Alors que des semaines avant le 23 octobre 2011, les Tunisiennes et Tunisiens regardaient l’avenir avec beaucoup d’espoir, affichaient leur fierté d’avoir accompli une œuvre que beaucoup qualifie d’historique (la révolution du jasmin) et exprimaient clairement un sentiment de solidarité profonde par rapport à l’autre; une année après et à la veille du 23 octobre 2012, le peuple tunisien parait inquiet, abattu et divisé, au point que certains commencent déjà à regretter ce magnifique moment d’aspiration collective à une Tunisie libre et démocrate qu’a vécu le pays un certain 14 janvier 2011.

Menace lourde sur l’unité nationale

A l’origine de ce «cauchemar», une ambiance morose d’ambigüité et de méfiance que la «troïka», la coalition tripartite au pouvoir, a réussi à mettre en place en faisant semblant d’ignorer, tout le long de l’année écoulée, la date butoir du 23 octobre 2012 prévue pour la fin des travaux de l’Assemblée nationale constituante (Anc)*.

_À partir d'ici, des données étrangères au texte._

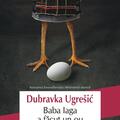 Copertă produs Baba Iaga a făcut un ou - gallery small 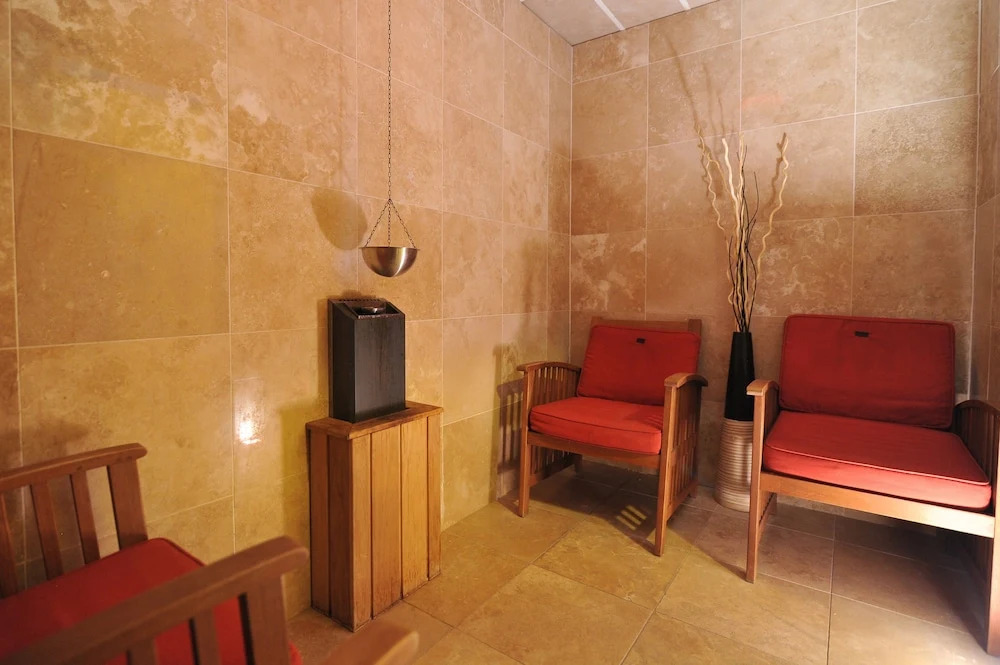 Hotel Eger & Park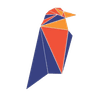 Ravencoin logo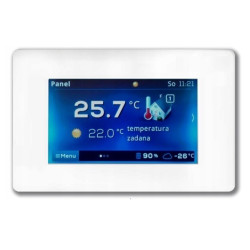 Thermostat PLUM ecoSTER 90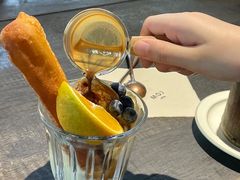 -MOJ coffee(瓯海泽雅水碓坑店)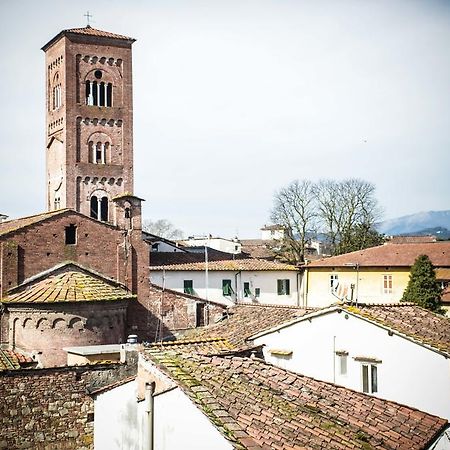 Il Rifugio Degli Innamorati...Di 루카 외부 사진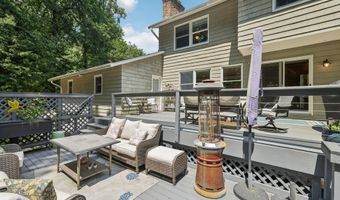 1580 KESWICK Pl, Annapolis, MD 21401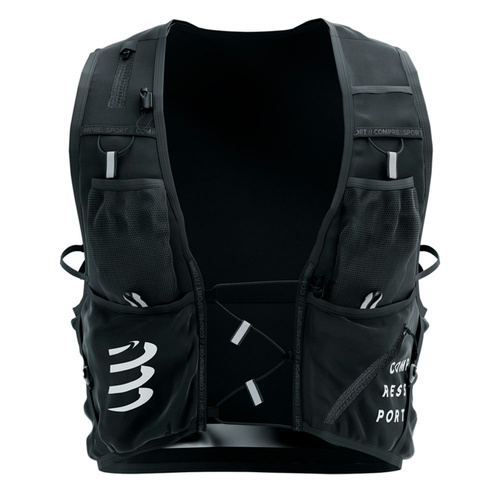 Compressport  жилет-рюкзак Ultrun evo 10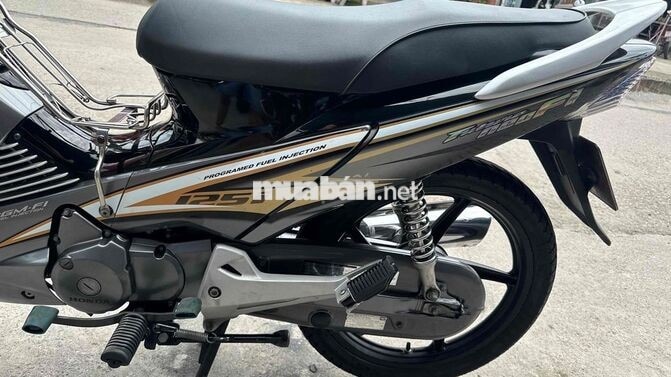 Honda Future Neo GT 2006 áo fi09 ( hỗ trợ góp )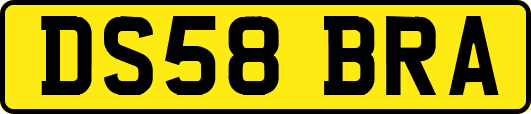 DS58BRA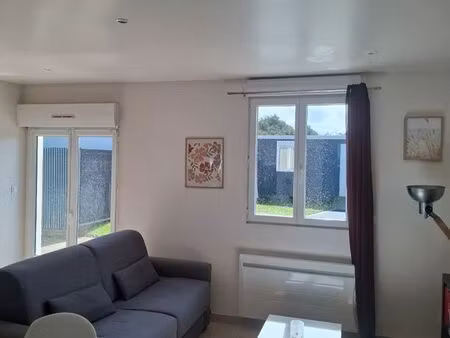 maison à louer - pleyben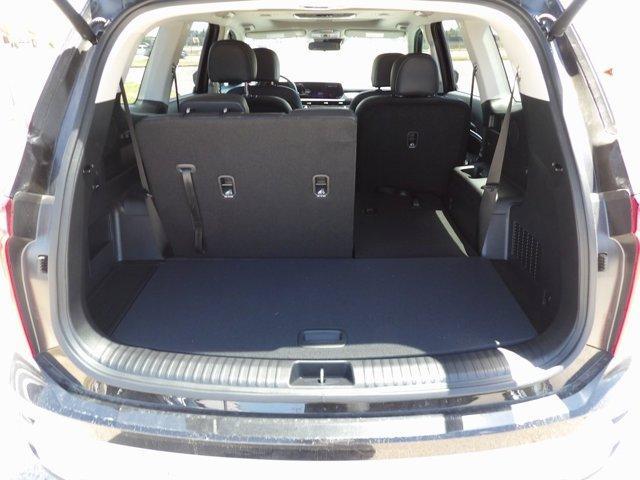 new 2025 Kia Telluride car, priced at $40,800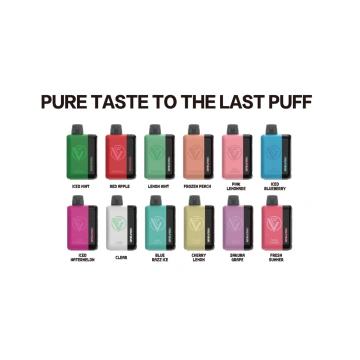 geek bar vape blueberry watermelon Leah Yu - Disposable vape supplier, ODM&OEM China Vape  factory/Manufacturer-Volfbar vape brand main image 1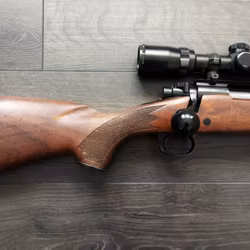 Winchester Modell 70 308 Win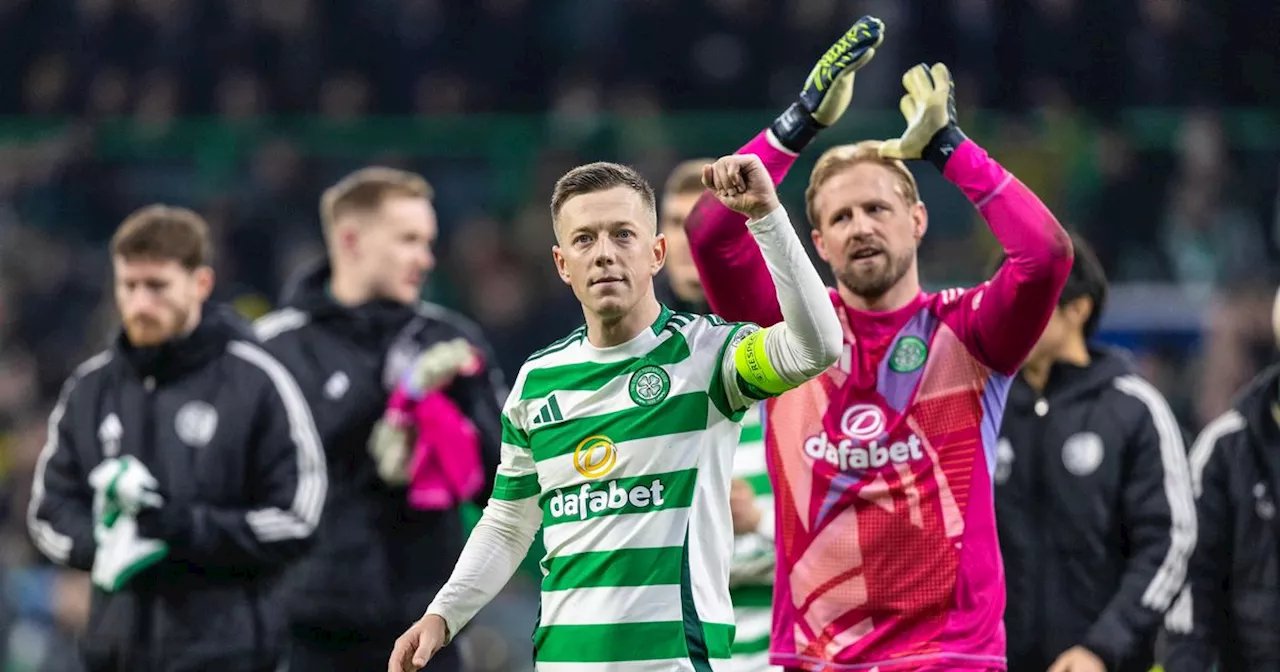 McGregor: Celtic Must Beat Bayern to Keep Champions League Dream Alive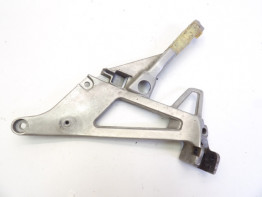 Duo voetsteun links Honda VFR 750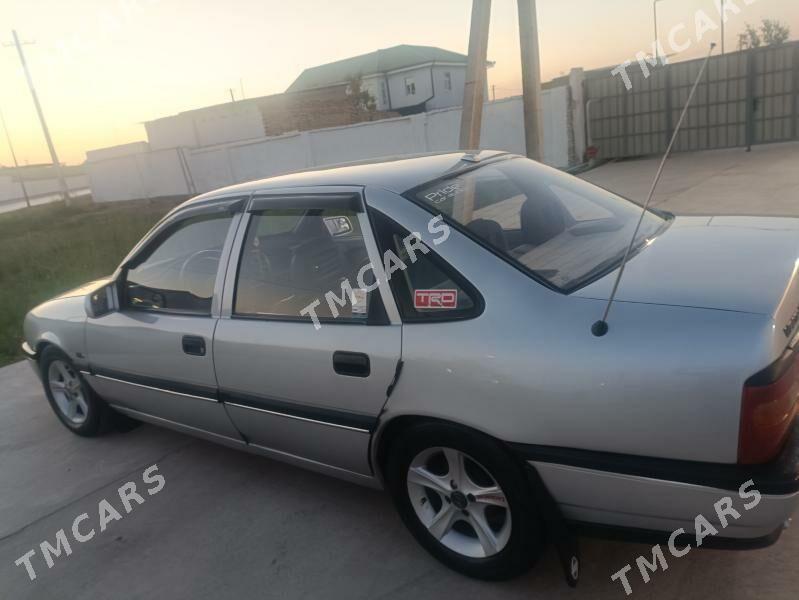 Opel Vectra 1992 - 35 000 TMT - Türkmenabat - img 5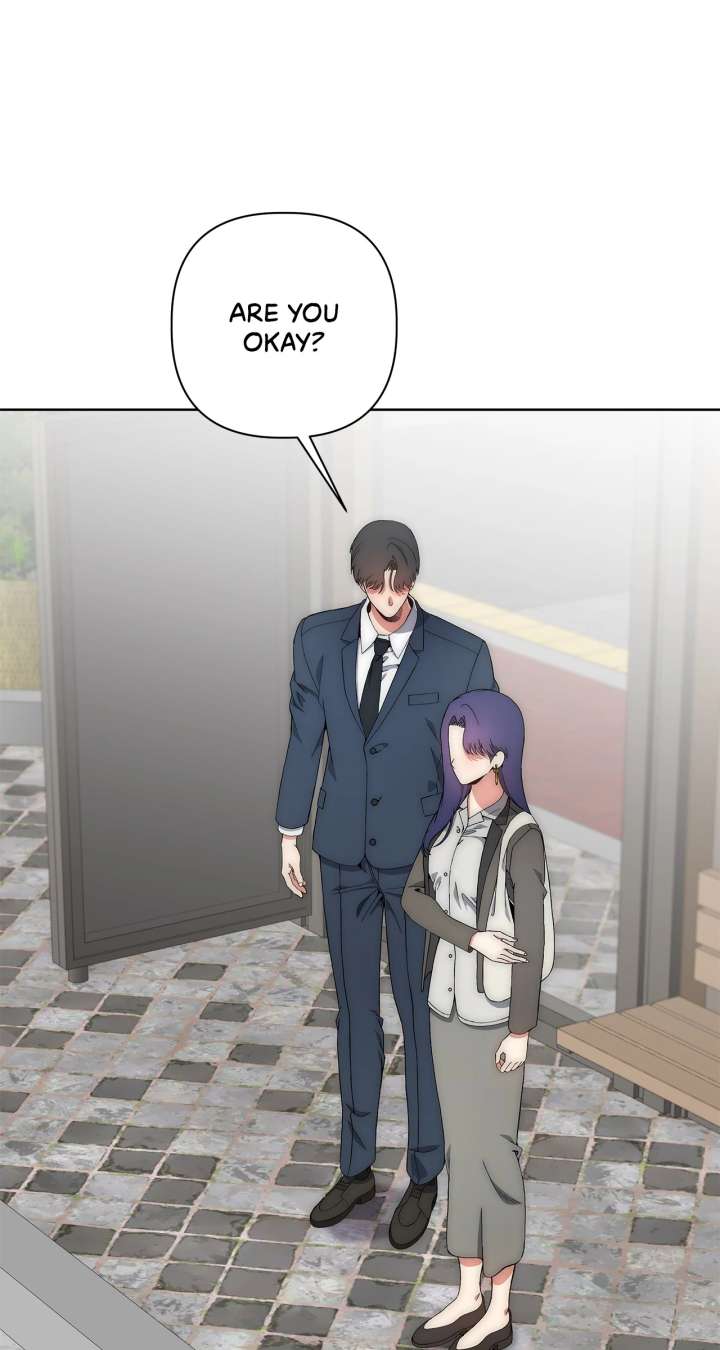 Office Scandal chapter 28 page 18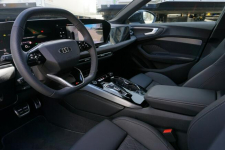 A5 Quattro 2.0 TFSI MR`25 204KM B10 S tronic Salon PL Iwł FV23% Pęcice - zdjęcie 11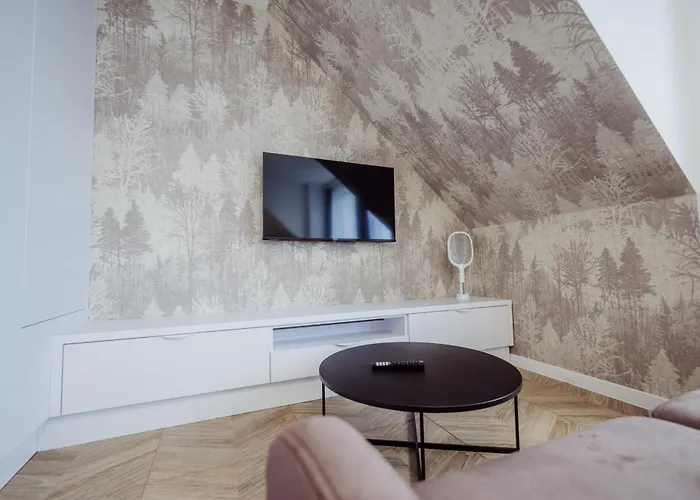 Cristalview Stay&relax - Darmowe Zewnetrzne Jacuzzi, Zwierzeta Akceptowane - W Marcu I Kwietniu Zarezerwuj 3 Doby W Cenie 2 Bez Wyzywienia *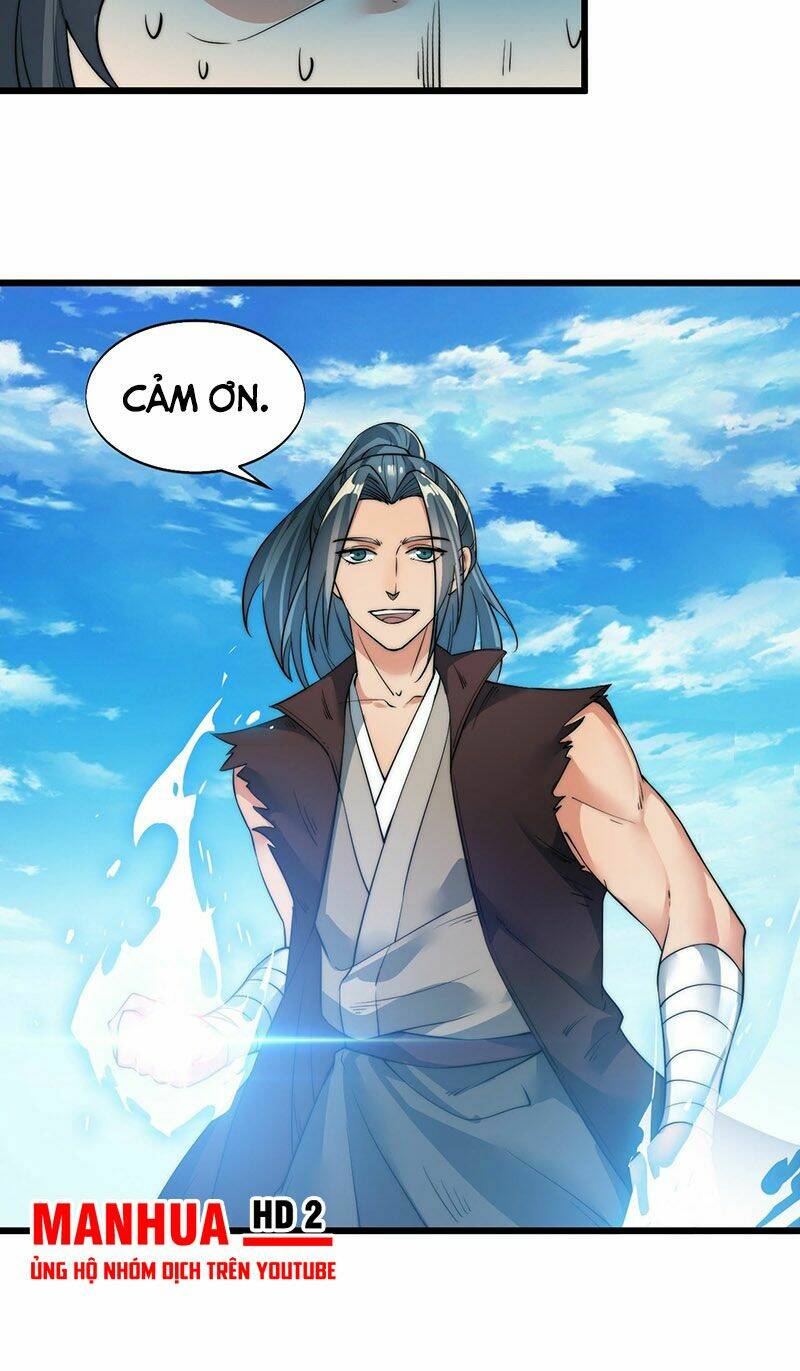Võ Lăng Cửu Thiên: Chapter 14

Qu’on le veuille ou pas, la Tunisie fait aujourd’hui face à une situation que l’on peut qualifier de décisive (je dirais même plus importante que la révolution du 14 janvier 2012). A défaut d’un règlement politique anticipé, le maintien en place d’un gouvernement désormais juridiquement illégitime risque de compromettre sérieusement un processus démocratique en panne ainsi que l’avenir de la Tunisie en tant que république. Le dégât le plus important que risque de générer ce passage dans l’histoire de la Tunisie moderne porte sur la menace lourde qui pèse aujourd’hui sur l’unité nationale du peuple tunisien.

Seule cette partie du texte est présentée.